In the listing below, the lines starting with the line with "რვა წლის ოთოს" and going on through the line with "Puma Leibchen &" are to be reproduced exactly, and only those.

Start of Source information

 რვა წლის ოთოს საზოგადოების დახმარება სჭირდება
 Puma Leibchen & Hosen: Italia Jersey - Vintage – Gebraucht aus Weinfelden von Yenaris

End of Source information
Start of Source information

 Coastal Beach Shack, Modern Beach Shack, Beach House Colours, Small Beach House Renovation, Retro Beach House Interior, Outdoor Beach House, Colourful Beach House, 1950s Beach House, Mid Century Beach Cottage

End of Source information

- [Final answer]:
 რვა წლის ოთოს საზოგადოების დახმარება სჭირდება
 Puma Leibchen & Hosen: Italia Jersey - Vintage – Gebraucht aus Weinfelden von Yenaris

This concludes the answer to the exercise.